Kerstin's finished in yard 10 and comes in to see if she can help out. I've cleaned Clover's yard; all the remains is to replenish his fresh leaf which she's happy to do. I continue on with Anna Bay Sooty who's been asleep all morning. I notice a large brown patch on her hind quarters. I wonder if it's a bit of joey poking out of her pouch? I catch Cheyne in the yard and she suggests it could be "her pap coming through". Pap is a type of koala poo that the mother produces for the baby koala to eat, much like colostrum in humans. It contains all the right ingredients for preparing the joey's gut for its impending eucalyptus diet.
We go into Sooty's yard to inspect more closely, but it turns out to be nothing more than a brown patch of fur that I hadn't noticed before. Cheyne says it's characteristic of darker-furred koalas to have such patches. They also tend to have brown claws; they go hand in hand, a bit like brown hair/brown eyes in humans.
Well, it may not have been a sign of the forthcoming joey, but Sooty's pouch has certainly grown hefty in the last few weeks. As I move her leaf pots around and she moves to accommodate them, I can see the hanging roundness of her belly. It's a shame, but we won't get to see Sooty's little one. Sooty's ready to be released in the next week or two, and that's not to be delayed by a certain koalawrangler's desire to see a freshly hatched joey in the flesh.
There are some serious mating-style noises emanating from ICU. The maintenance team are in there tinkering down the sink end of the corridor.
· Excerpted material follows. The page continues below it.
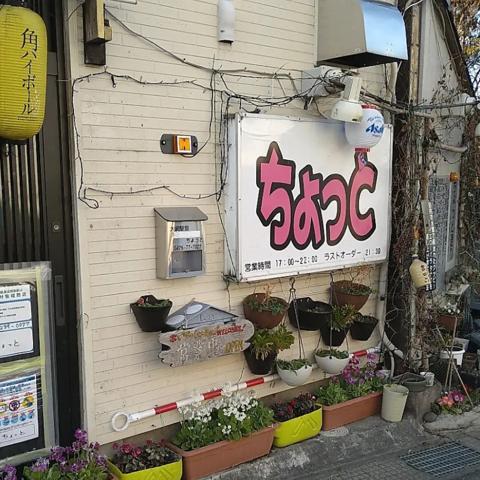 居酒屋 ちょっと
Every once in a while Cattlebrook John lets loose with their unique growling sound, a koala-style foghorn.
In the dayroom, I flick through the daybook and see there's been a few comings and goings. Emerald Oz was briefly admitted and then released, having been reported on a fence with barking bull terriers. Hassall Coal was also on a fence, this time in a yard with two Staffordshire terriors. She was relocated to a safer area. There was also Airport Keena, a juvenile found up in the rafters of a freight hanger at the airport who was also relocated.